In some cases you might want to allow 'free form XML' to be specified in for example an API. Atom for instance allows XHTML to be embedded, and WebDAV allows users to store custom properties consisting of complex xml structures with their own namespaces.

XmlFragment extracts an entire XML subtree and creates a object that can be stored in a database, and later on embedded in an xml document again:

$service = new Sabre\Xml\Service();
$service->elementMap = [
    '{http://example.org/}root' => 'Sabre\Xml\Element\XmlFragment',
];

print_r($reader->parse($xml));

Output:

Sabre\Xml\Element\XmlFragment Object
(
            [xml:protected] =>
<elem1 xmlns="http://example.org/">value1</elem1>
<elem2 xmlns="http://example.org/" att="attvalue">value2</elem2>


)

Custom element parsers

Lets take this one step further… We have a simple class that represents the books document:

class Books {

    // A list of books.
    public $books = [];

}

And we have a class for every book:

class Book {

    public $title;
    public $author;

}

By refactoring our parser a bit, we can automatically map these classes to their respective XML elements:

$service = new Sabre\Xml\Service();
$service->elementMap = [
    // handle a collection of books
    '{http://example.org/books}books' => function(Sabre\Xml\Reader $reader) {
        $books = new Books();
        $children = $reader->parseInnerTree();
        foreach($children as $child) {
            if ($child['value'] instanceof Book) {
                $books->books[] = $child['value'];
            }
        }
        return $books;
    },
    // handle a single book
    '{http://example.org/books}book' => function(Sabre\Xml\Reader $reader) {
        $book = new Book();
        // Borrowing a parser from the KeyValue class.
        $keyValue = Sabre\Xml\Deserializer\keyValue($reader, 'http://example.org/books');

        if (isset($keyValue['title'])) {
            $book->title = $keyValue['title'];
        }
        if (isset($keyValue['author'])) {
            $book->author = $keyValue['author'];
        }

        return $book;

    },
];

print_r($service->parse($xml));

This gives us the following output:

Books Object
(
    [books] => Array
        (
            [0] => Book Object
                (
                    [title] => Snow Crash
                    [author] => Neil Stephenson
                )

            [1] => Book Object
                (
                    [title] => Dune
                    [author] => Frank Herbert
                )

        )

)

Using the XmlDeserializable interface

The last example had 2 custom deserializers. We can also integrate straight into the classes they are supposed to deserialize.

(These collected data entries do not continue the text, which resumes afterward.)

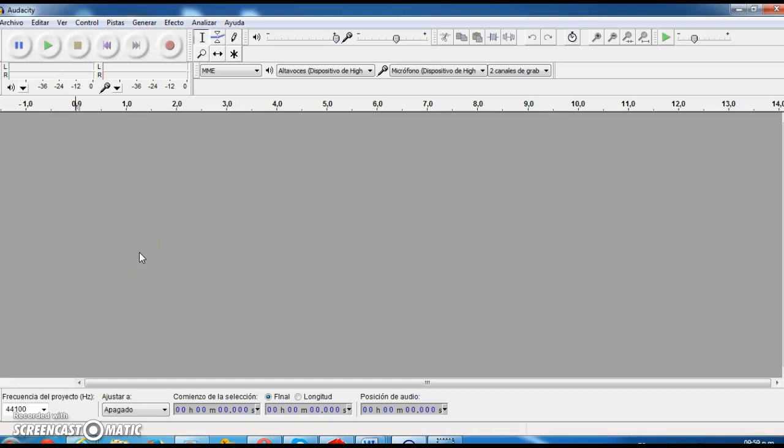Hello everybody, my name is Paola Sarmiento and I'm going to show you how to record an audio on Audacity. It's actually very simple.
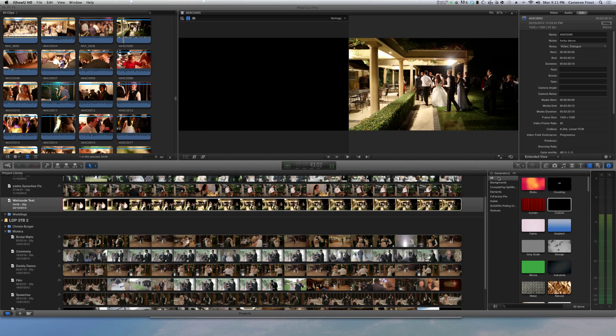Hey guys, it's Frosty here and welcome back to some more tips and tricks for Final Cut Pro X. Now I had a friend call me up the other day and asked me why are my clips so low res.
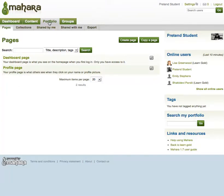Creating pages. This is done through the portfolio under pages. Select the create page button.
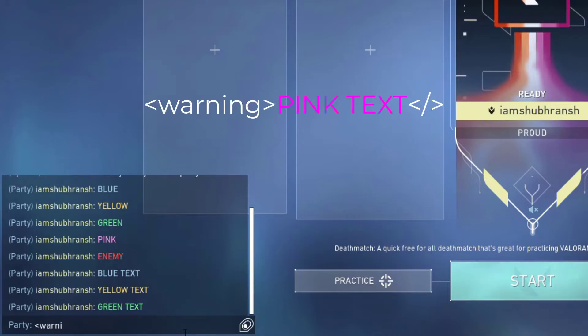For writing in pink, you have to replace the 'notification' tag with 'warning', then write your text in the same format and that will give you pink color.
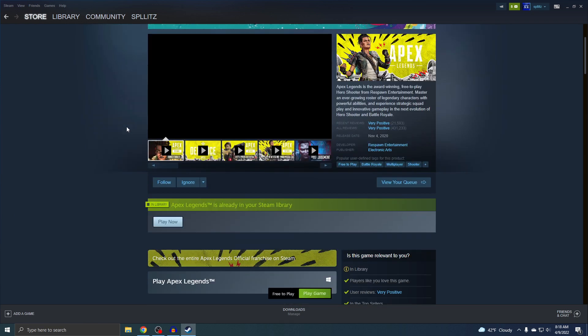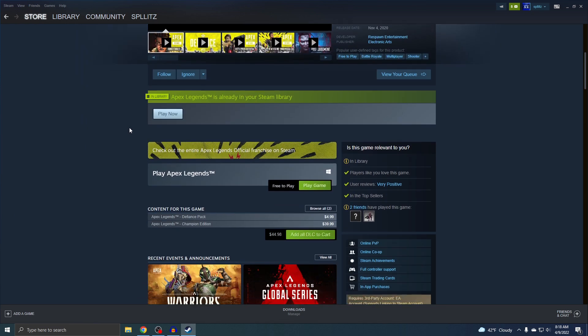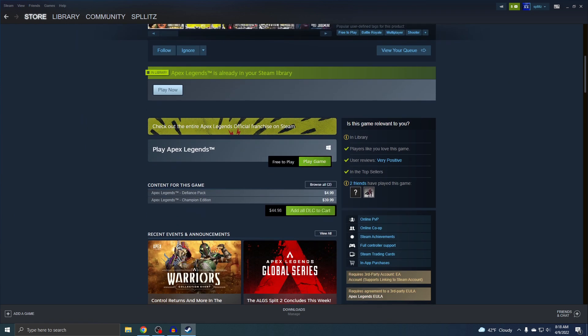If you scroll a little bit down, you'll see this right here. Free to play, and then play game. You just want to click on it.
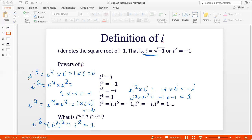If you observe, i to the power 5 is the same as i to the power 1, i to the power 6 is the same as i squared, i to the power 7 is the same as i cubed, and i to the power 8 is the same as i to the power 4. So we see a repetition of powers of i after every fourth power — it's a cycle. We can find any power of i by dividing the power by 4 and looking at the remainder.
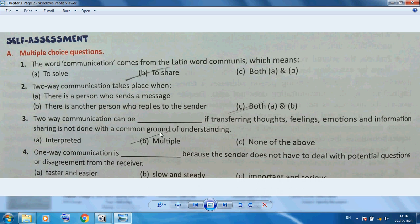Two-way communication can become multiple if transmitting thoughts, feelings, emotions, and information is not done with a common ground of understanding. One-way communication is faster and easier because the sender does not have to deal with potential questions or disagreement from the receiver.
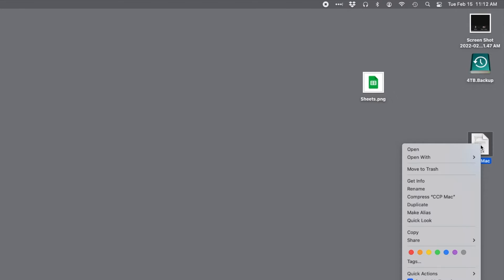One more time. If I right-click on this file, I can find out its size and other properties by choosing get info.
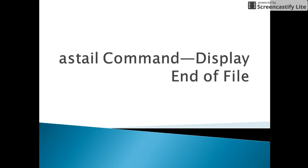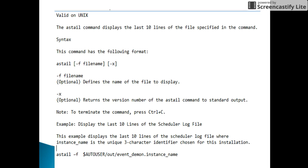We'll check with usage and example. The astail command is valid only on Unix platform, not valid on Windows platform. It comes with an option -f followed by the file name, which will display the last 10 lines of a particular specific file.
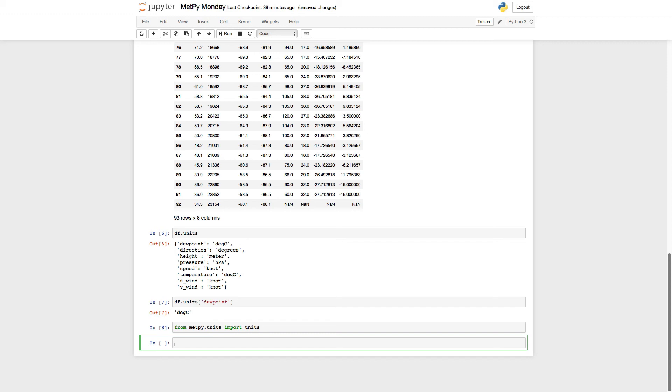So P, T, Td, U, and V, which is how we've traditionally done it with the netCDF-like data model anyway if you look at the MetPy examples. P equals my data frame, the column name, which is pressure.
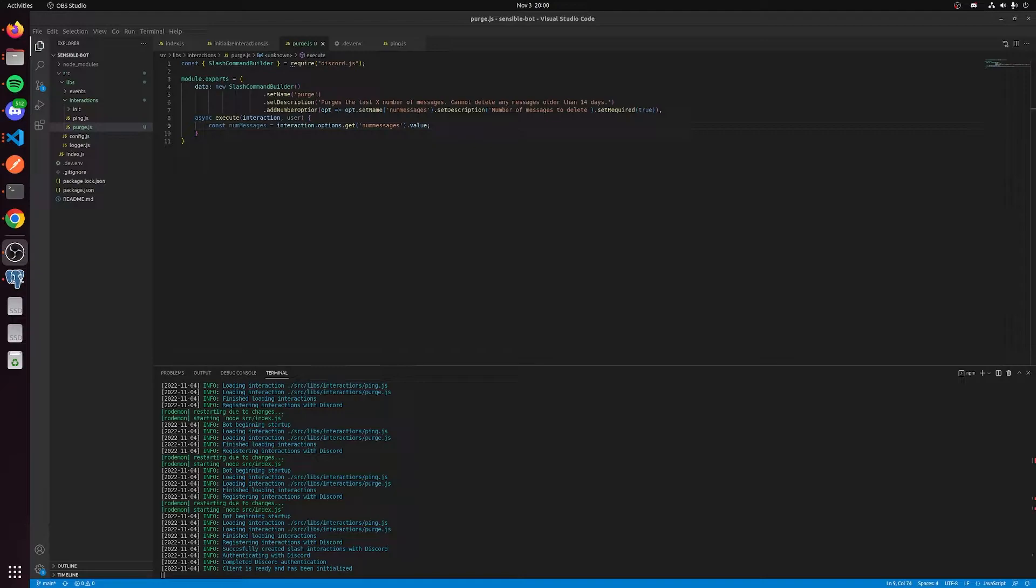As you can see here, I've built out the scaffold for how I do slash commands. I have a data property with the slash command builder. You can see I set the name of purge, I set a description, and I added the number option of num messages.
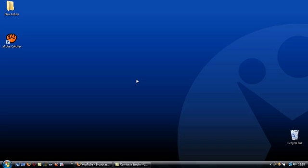Hello and welcome to this Softonic screencast about A-Tube Catcher. It's a program that lets you save YouTube videos to your computer.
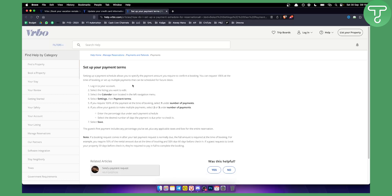Now if you want to set up your payment terms, this is also one thing that you can do. As you can see, again, you just log in into your account, select the listing you want to edit and then based on the listing, you need to select the calendar icon located in the left navigation menu.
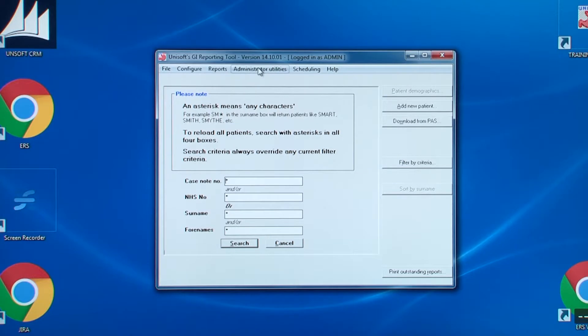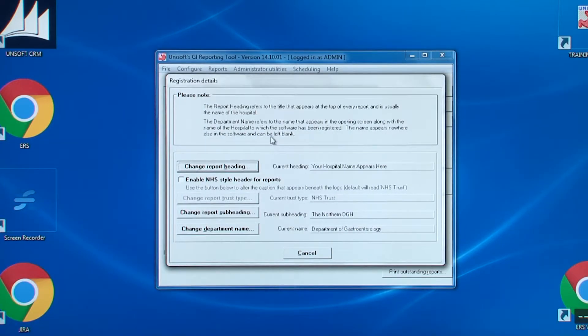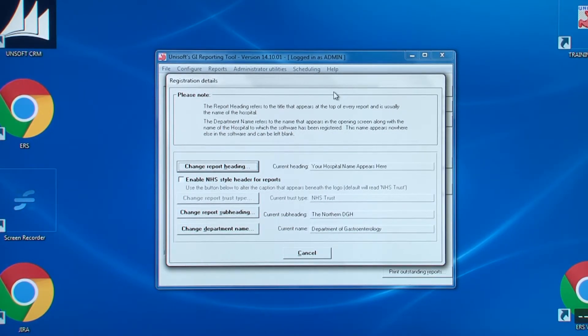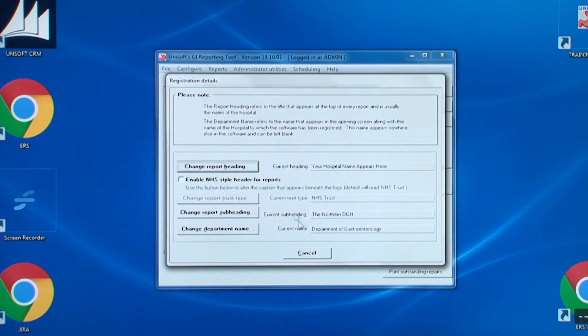The next entry is for the registration details. This allows you to change the heading on the report, the trust type, the report subheading and the department name. And that latter item only appears in the splash screen at login.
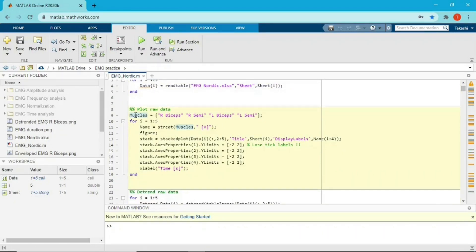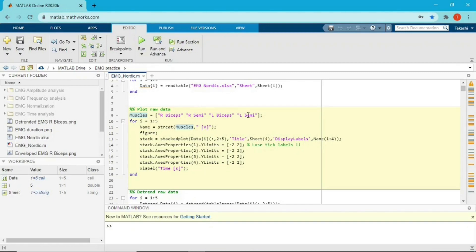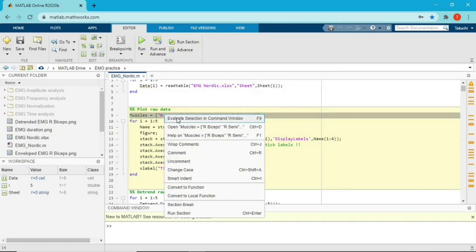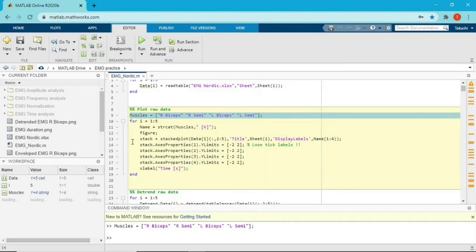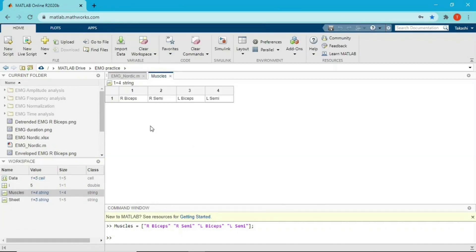So the first line is just the name of the variables. I created the variable called muscles and the name of muscles right here: right bicep femoris, right semimembranosus, left bicep femoris, and left semimembranosus. If I run this, I create a variable called muscles right here. So I just created a name, nothing else.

The following two classes rebuild the Book and Books classes so they can parse themself from an XML document, and also write them in a new document:

class Books implements Sabre\Xml\XmlDeserializable {

    // A list of books.
    public $books = [];

    static function xmlDeserialize(Sabre\Xml\Reader $reader) {

        $books = new self();
        $children = $reader->parseInnerTree();
        foreach($children as $child) {
            if ($child['value'] instanceof Book) {
                $books->books[] = $child['value'];
            }
        }
        return $books;

    }

}

class Book implements Sabre\Xml\XmlDeserializable {

    public $title;
    public $author;

    static function xmlDeserialize(Sabre\Xml\Reader $reader) {

        $book = new self();

        // Borrowing a parser from the KeyValue class.
        $keyValue = Sabre\Xml\Element\KeyValue::xmlDeserialize($reader);

        if (isset($keyValue['{http://example.org/books}title'])) {
            $book->title = $keyValue['{http://example.org/books}title'];
        }
        if (isset($keyValue['{http://example.org/books}author'])) {
            $book->author = $keyValue['{http://example.org/books}author'];
        }

        return $book;

    }

}

To use this:

$service = new Sabre\Xml\Service();
$service->elementMap = [
    '{http://example.org/books}books' => 'Books',
    '{http://example.org/books}book' => 'Book',
];

print_r($service->parse($xml));

Using ValueObjects for this instead

While the former classmapping example is a good way to learn how to write custom deserializers, using the 'value objects' feature this could have been simplified even further.

The exact same result could have been achieved by registering the PHP classes as value objects:

$service = new Sabre\Xml\Service();
$service->mapValueObject('{http://example.org/books}books', 'Books');
$service->mapValueObject('{http://example.org/books}book', 'Book');

print_r($service->parse($xml));

For more information about this feature, read Value Objects. Value Objects are a great way to map very simple XML structures to simple PHP classes. As soon as either the XML or PHP classes are no longer 'simple', you will likely still need to write your own (de-)serializers.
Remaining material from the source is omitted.